Thanks. That 10 year linker, with no inflation during its life as per your example, behaves very much like a nominal bond in that you lose out by spending £130 to have £100 of principal returned, but you do get paid interest along the way. That's not a shortcoming peculiar to linkers, it would be true of all bonds, but more relevantly does not consider the effects of inflation which is what we want linkers to help you with.
Your 50 year linker, I assume is also under the condition that inflation is zero. But we need an inflation example for you to show what happens with linkers.
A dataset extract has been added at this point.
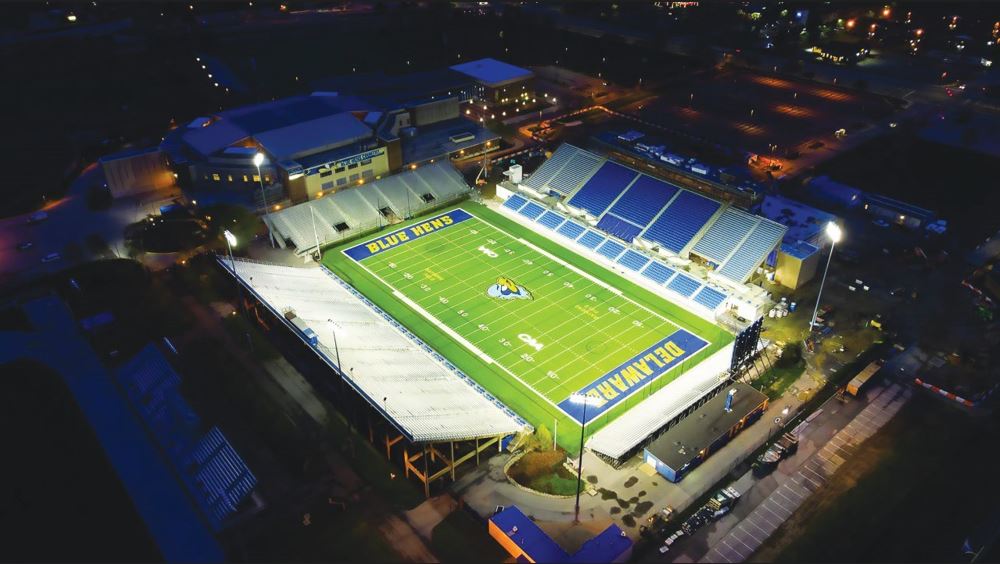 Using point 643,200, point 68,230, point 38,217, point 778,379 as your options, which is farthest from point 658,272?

dealtn wrote:You can calculate the same using any inflation outcome and it is the same result ...... So if prices double over the lifetime of the bond say, you get back £200 (not £100), and your income will be double by the maturity compared to now, when you invest (and so you may have 50% more income over the lifetime of the investment) but that £200 is now only able to buy what £100 bought today because of inflation.

In this, your inflation example, I think you're allowing that we buy the bond at issuance for £100 (the cost of nice shoes), then inflation adjusts its face value to £200 at redemption. During the bond's life the coupon payments will keep rising with inflation (you express it as 'your income will be double.....'.
Then you say the £200 you get at redemption will only buy you a pair of shoes (now costing £200, but previously £100). Surely, that is precisely what would be reasonable from an inflation linked bond, and that's what it delivers, I think.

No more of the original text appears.